In her concluding message, Mrs. Monoque Barbut said, “with the right type of investments in land, rural infrastructure and skills development, the future can be bright. We have to send a clear message that if it is well managed, the land can provide not just enough to get by but a place where individuals and communities can build a future”.
Geographically, Eritrea is located in the Sahel region which is prone to drought and erratic rainfall. This situation is aggravated by climate change. Hence, sustainable land management issues assumes great importance for countries like Eritrea whose economy highly depends on agriculture.
Taking this reality into account, the Government of Eritrea, right after independence, massively invested in the agriculture sector in order to restore, sustain and enhance the productive functions of the country’s natural ecosystem resources. Community-based afforestation and soil and water conservation have become routine activities of the people, and the government aims at conserving and rehabilitating the land that has been degraded due to different causes like climatic conditions, deforestation, overgrazing, over cultivation, soil erosion and decline of soil fertility. Research shows that managing land more sustainably reduces the rate of degradation.
Students have been engaged for more than 20 years in afforestation and soil and water conservation programs in their summer break, and many students have been organized in green clubs to promote tree planting in their school premises.

To strengthen the land rehabilitation programs in a systematic and vigorous way, the Government of Eritrea declared a greening campaign on May 15 2006, at a national greening conference attended by H.E Isaias Afewerki, President of the State of Eritrea.
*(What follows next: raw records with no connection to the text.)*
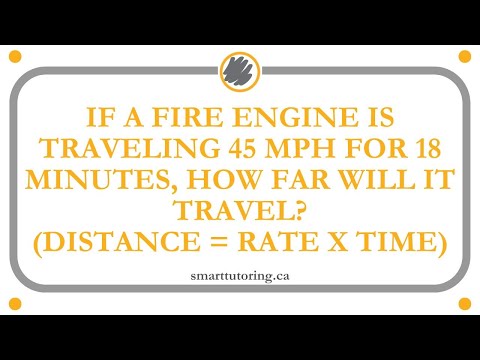 Firefighter Aptitude and Character Test (FACT Test) Practice Question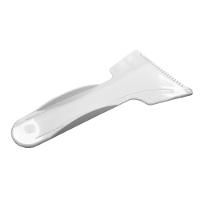 Freezer Horizontal Midea MDRC207 145 litros - Branco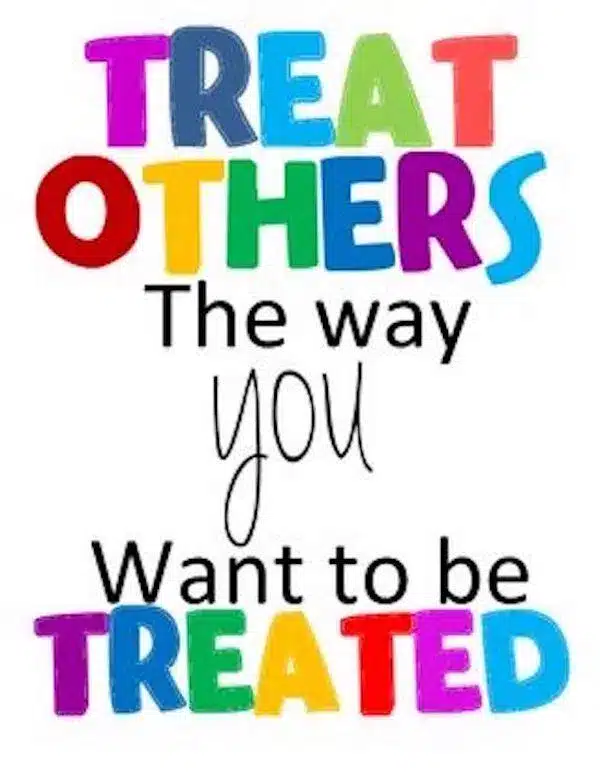 Bragging About Character Building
As per the resolution of the conference, all Eritrean regions are involved in various land rehabilitation campaigns mainly in soil and water conservation as well as tree planting activities. During the national greening day, the campaign’s performance in all regions of the country is thoroughly assessed and awards are given to exemplary individuals and institutions.

Thanks to this campaign, so far more than 41 million trees have been planted on 16,000 hectares of land. More than 150,000 energy saving stoves have been distributed all over the country. Permanent and temporary enclosures are increasing in number; and farmers are benefiting by feeding their animals by cut and carry system. More than 300,000 hectares of land is under enclosure.

To address the negative effects of climate change, the government of Eritrea has been involved in soil and water conservation schemes and construction of dams and diversion structures. Over 600 different sized water reservoirs have been constructed in the past 26 years.
To minimize the utilization of harvested water and increase cycles of crop production, irrigation equipment producing factory has been built and started production.
Moreover, farmers are introducing contour farming and farmland levelling to conserve soil and water so as to enhance productivity of the land. Farmers, satisfied with the outcome of these activities, are now replicating these activities. Nationally about 100,000 hectares of farm land has been treated by various soil and water conservation schemes, which boosted production by 30- 40 percent.

Through endeavours undertaken all over the country the government and the people of Eritrea are demonstrating their commitment to achieve Land Degradation Neutrality by 2030. The government is also committed to involve all relevant sectors to meet the target. That’s why Eritrea signed the UNCCD in 1995 and ratified the convention in 1996.